=== Work instruction ===
Having located "Жареные пирожки с" in the listing below, write out its line and every following line exactly, last line included, without the pictures.

Provided material Block Start

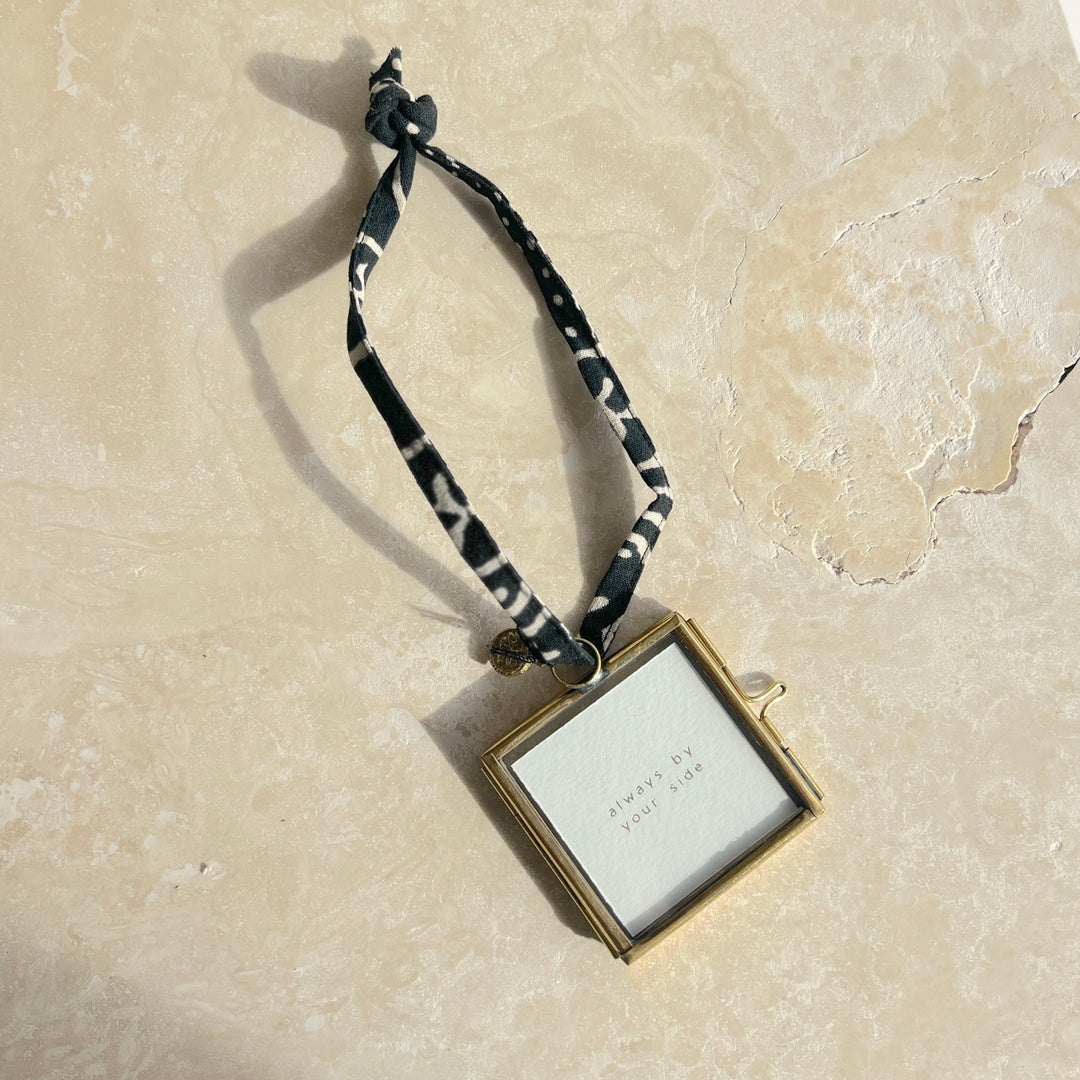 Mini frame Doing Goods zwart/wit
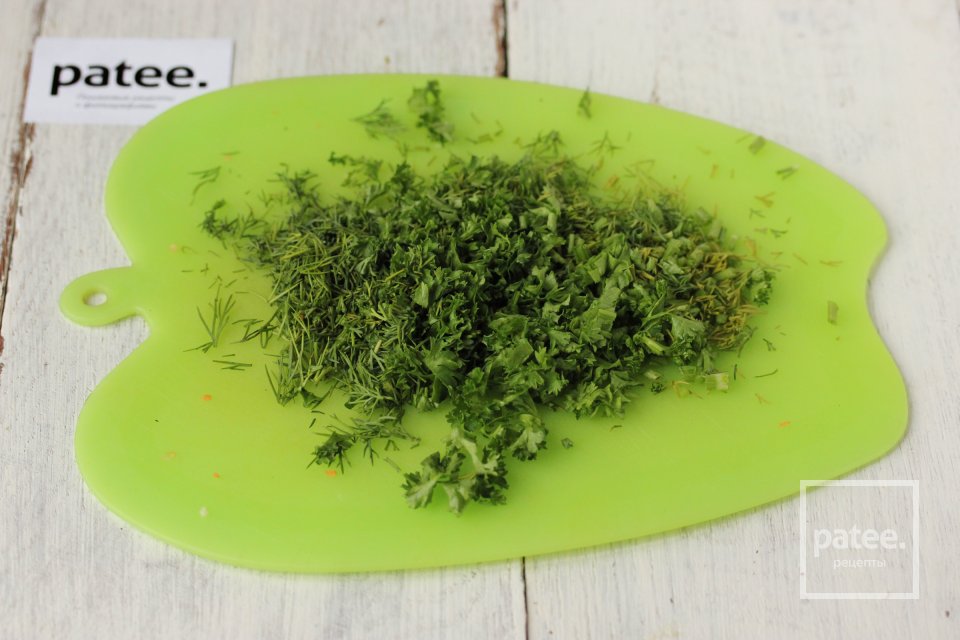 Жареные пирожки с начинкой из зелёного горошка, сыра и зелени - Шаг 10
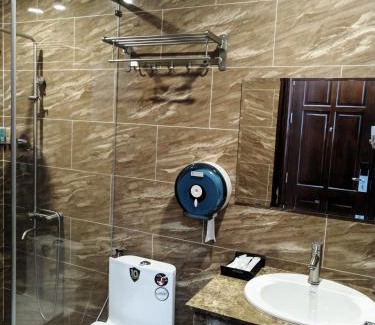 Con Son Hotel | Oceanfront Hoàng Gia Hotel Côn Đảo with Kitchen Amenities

Provided material Block End

=== Result below ===
 Жареные пирожки с начинкой из зелёного горошка, сыра и зелени - Шаг 10
 Con Son Hotel | Oceanfront Hoàng Gia Hotel Côn Đảo with Kitchen Amenities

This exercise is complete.